We’re additionally thrilled to co-announce Qualcomm’s new TensorFlow Lite delegate, which is now brazenly accessible right here for any developer to make use of. TFLite Delegates are add-on software program modules that assist speed up execution on GPUs and {hardware} accelerators. This new QNN delegate helps most fashions in our PyTorch Beta check set, whereas offering help for a large set of Qualcomm silicon, and provides important common speedups relative to CPU(20x) and GPU(5x) by using Qualcomm’s DSP and neural processing items. To make it simple to check out, Qualcomm has additionally just lately launched their new AI Hub. The Qualcomm AI Hub is a cloud service that permits builders to check TFLite fashions in opposition to a large system pool of Android gadgets, and supplies visibility of efficiency positive factors accessible on completely different gadgets utilizing the QNN delegate.
What’s subsequent?
Within the coming months we are going to proceed to iterate within the open, with releases increasing mannequin protection, bettering GPU help, and enabling new quantization modes as we construct to a 1.0 launch. Partly 2 of this sequence, we’ll take a deeper have a look at the AI Edge Torch Generative API, which permits builders to deliver customized GenAI fashions to the sting with nice efficiency.

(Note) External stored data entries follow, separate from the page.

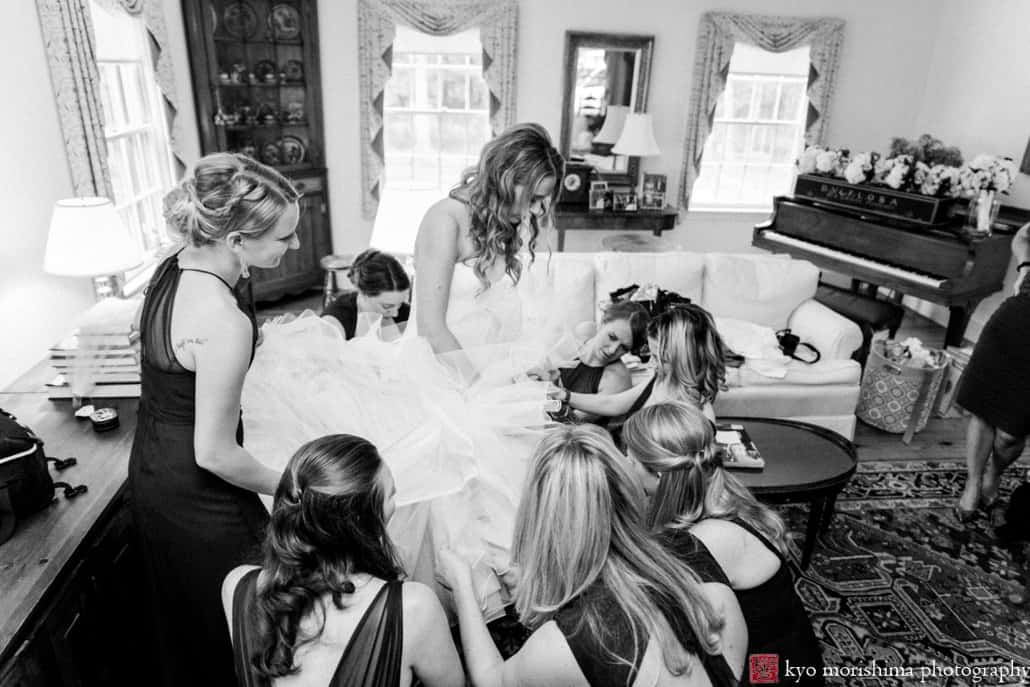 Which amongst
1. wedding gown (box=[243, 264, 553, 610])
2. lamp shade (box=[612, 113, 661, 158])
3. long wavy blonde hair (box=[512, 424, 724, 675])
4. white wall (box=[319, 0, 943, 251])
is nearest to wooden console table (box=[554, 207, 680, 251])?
lamp shade (box=[612, 113, 661, 158])

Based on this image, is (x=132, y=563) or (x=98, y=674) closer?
(x=98, y=674)

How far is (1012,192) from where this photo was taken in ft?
17.6

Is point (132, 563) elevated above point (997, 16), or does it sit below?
below

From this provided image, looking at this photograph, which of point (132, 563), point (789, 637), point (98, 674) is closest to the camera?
point (789, 637)

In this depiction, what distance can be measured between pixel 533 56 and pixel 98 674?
223 inches

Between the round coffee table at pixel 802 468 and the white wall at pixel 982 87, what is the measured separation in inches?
125

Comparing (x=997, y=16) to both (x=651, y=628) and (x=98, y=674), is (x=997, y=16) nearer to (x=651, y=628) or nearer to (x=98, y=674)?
(x=651, y=628)

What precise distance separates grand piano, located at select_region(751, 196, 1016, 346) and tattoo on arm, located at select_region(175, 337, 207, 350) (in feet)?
15.8

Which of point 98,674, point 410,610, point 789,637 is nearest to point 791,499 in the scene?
point 789,637

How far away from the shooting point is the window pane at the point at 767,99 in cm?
671

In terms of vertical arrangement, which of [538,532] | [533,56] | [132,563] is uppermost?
[533,56]

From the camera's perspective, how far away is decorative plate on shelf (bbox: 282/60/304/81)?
5.84m

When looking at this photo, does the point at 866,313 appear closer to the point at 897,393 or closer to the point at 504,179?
the point at 897,393

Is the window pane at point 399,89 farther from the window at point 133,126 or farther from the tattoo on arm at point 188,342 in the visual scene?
the tattoo on arm at point 188,342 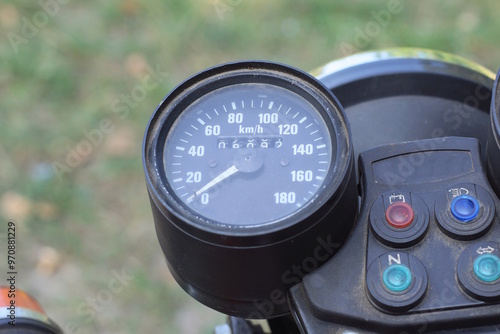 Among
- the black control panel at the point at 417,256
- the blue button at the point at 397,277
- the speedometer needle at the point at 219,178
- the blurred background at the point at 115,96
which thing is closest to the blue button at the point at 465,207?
the black control panel at the point at 417,256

We’d prefer to thank all of our early entry clients for his or her beneficial suggestions that helped us catch early bugs and guarantee a easy developer expertise. We’d additionally prefer to thank {hardware} companions, and ecosystem contributors to XNNPACK which have helped us enhance efficiency throughout a variety of gadgets. We might additionally prefer to thank the broader Pytorch neighborhood for his or her steering and help.
Acknowledgements
We’d prefer to thank all workforce members who contributed to this work: Aaron Karp, Advait Jain, Akshat Sharma, Alan Kelly, Arian Arfaian, Chun-nien Chan, Chuo-Ling Chang, Claudio Basille, Cormac Brick, Dwarak Rajagopal, Eric Yang, Gunhyun Park, Han Qi, Haoliang Zhang, Jing Jin, Juhyun Lee, Jun Jiang, Kevin Gleason, Khanh LeViet, Kris Tonthat, Kristen Wright, Lu Wang, Luke Boyer, Majid Dadashi, Maria Lyubimtseva, Mark Sherwood, Matthew Soulanille, Matthias Grundmann, Meghna Johar, Michael Levesque-Dion, Milad Mohammadi, Na Li, Paul Ruiz, Pauline Sho, Ping Yu, Pulkit Bhuwalka, Ram Iyengar, Sachin Kotwani, Sandeep Dasgupta, Sharbani Roy, Shauheen Zahirazami, Siyuan Liu, Vamsi Manchala, Vitalii Dziuba, Weiyi Wang, Wonjoo Lee, Yishuang Pang, Zoe Wang, and the StableHLO workforce.